Bürgeropposition gegen Patriziat
Die eine Partei bezeichnet man heute meist als Patrizier. Es waren die Familien, die einst als wagemutige Pioniere die Städte gegründet hatten. Der Fernhandel war ihre Domäne, aber es gab inzwischen auch viele unter ihnen, die den im Handel erworbenen Reichtum in Geldgeschäften anlegen, mit Immobilien handelten, Gewinn aus Vermietung und Verpachtung zogen. Sie dominierten den Stadtrat, der nur ein Ausschuss der jeweils führenden Familien war, und ließen nur ausnahmsweise einzelne aufstrebende Personen als Neumitglieder zu. Ihre Gegner nennt die Forschung Bürgeropposition. Darin versammelten sich Handwerker und kleine Kaufleute, alle wohlorganisiert in berufsständischen Verbänden, dazu noch einzelne Patrizier, die ihrer Klasse den Rücken gekehrt hatten. Der Streit entzündete sich zumeist an Geldfragen. Die Stadtgemeinde empörte sich über Steuererhöhungen, sie fing an nachzufragen, wozu die städtischen Einnahmen verwendet wurden, kritisierte kostspielige außenpolitische Unternehmungen und forderte die Einrichtung von Kontrollgremien, schließlich die Änderung der Verfassung, etwa um die Zünfte am Rat zu beteiligen.
Aufstand in Köln
In Köln endete die Macht der alteingesessenen Fernhändlerfamilien, „Geschlechter“ genannt, abrupt. Am 18. Juni 1396 übernahmen zunftmäßig organisierte Handwerker und Kaufleute in einem unblutigen Putsch das Stadtregiment. Ihre Gegner lösten die Aktion unfreiwillig aus, indem einer von ihnen, der Bürgermeister, abends durchs Handwerkerviertel ritt und von seinem Pferd herunter die Leute fragte, ob sie nicht bald zu Bett gehen wollten. Sie erwiderten, das sollte er ihre Sache sein lassen, warfen ihn vom Pferd, sammelten sich und zogen vor die Versammlungshäuser der Geschlechter, um diese zu entwaffnen. Im sogenannten Verbundbrief vom September 1396 schufen sie sich eine Verfassung, die bis zum Anfang des 19. Jahrhunderts in Kraft blieb. Ihr Herzstück war die Ratswahlordnung: Sie legte fest, dass die städtische Selbstverwaltung in den Händen von Zunftmitgliedern liegen sollte, die von den verschiedenen Handwerker- und Kaufleuteverbänden nominiert wurden.

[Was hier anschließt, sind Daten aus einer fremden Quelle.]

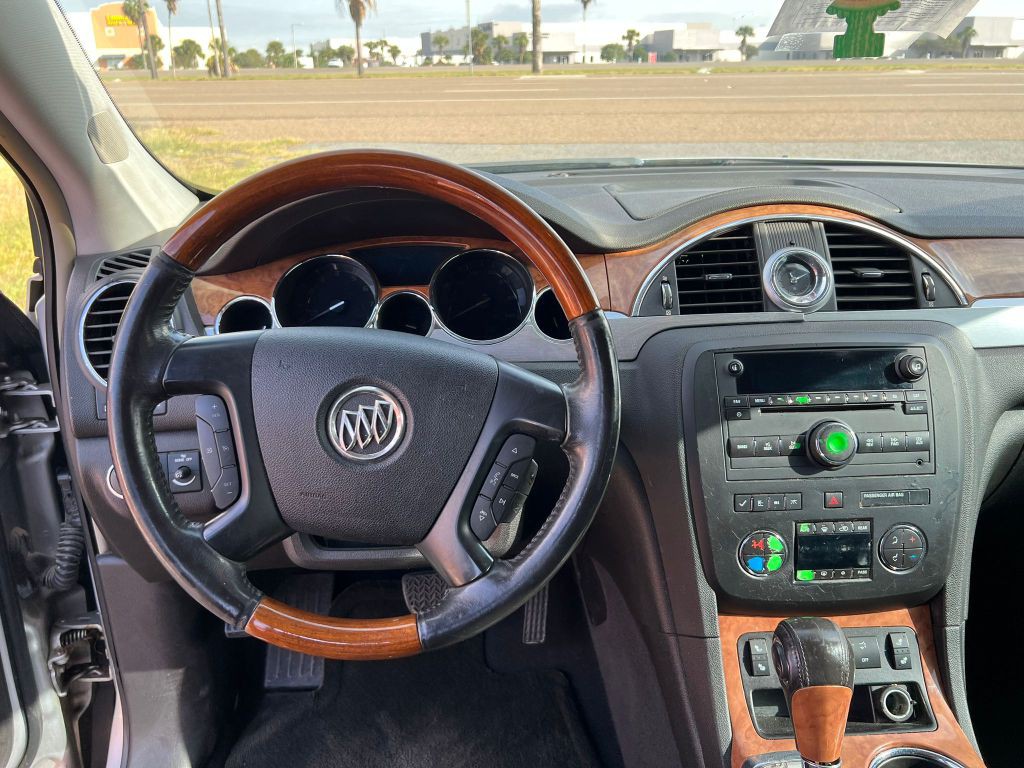 2010 Buick Enclave Image 6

Der Streit konnte bis zu Gewalttätigkeiten eskalieren. Rathäuser wurden gestürmt, es kam zu Lynchjustiz. Vielfach emigrierten die angegriffenen Patrizier und nahmen von den Nachbarstädten aus den Kampf gegen ihre Heimatgemeinde auf. Im Falle der Hansestädte wurde das Mittel der „Verhansung“ benutzt: Man verhängte eine Handelssperre gegen die Stadt, in der der Aufruhr tobte. Nicht immer gelang es dem Patriziat, sich durchzusetzen. In vielen europäischen Städten wurden Verfassungen eingeführt, die mehr Raum für bürgerliche Mitsprache boten.